Your job is to give again, exactly and with no additions, the lines in the records below from the one with "Alexia Atolon 1st" through the one with "阿里试管代怀生女孩还是男孩,这个方案不仅包括多次尝试的机会", both included. Omit the pictures.
------ Entries supplied
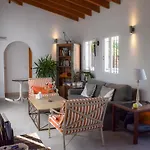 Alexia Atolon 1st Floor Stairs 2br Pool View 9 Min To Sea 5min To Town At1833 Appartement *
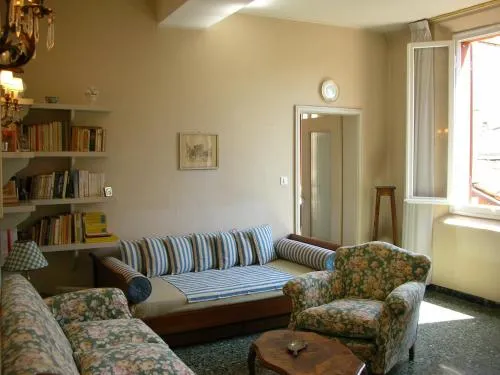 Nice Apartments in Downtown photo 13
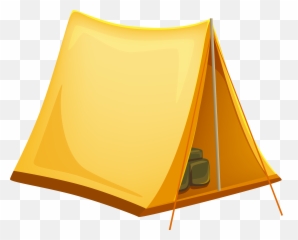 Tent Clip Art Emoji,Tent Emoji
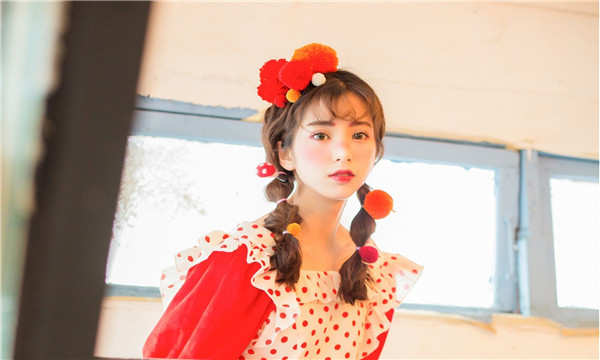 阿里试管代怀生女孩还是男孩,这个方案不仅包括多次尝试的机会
------------
------ Entries supplied
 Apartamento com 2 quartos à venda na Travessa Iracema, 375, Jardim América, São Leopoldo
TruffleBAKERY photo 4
------------
------ Entries supplied
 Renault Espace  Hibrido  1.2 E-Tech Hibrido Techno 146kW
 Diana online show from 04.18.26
------------
The answer
 Alexia Atolon 1st Floor Stairs 2br Pool View 9 Min To Sea 5min To Town At1833 Appartement *
 Nice Apartments in Downtown photo 13
 Tent Clip Art Emoji,Tent Emoji
 阿里试管代怀生女孩还是男孩,这个方案不仅包括多次尝试的机会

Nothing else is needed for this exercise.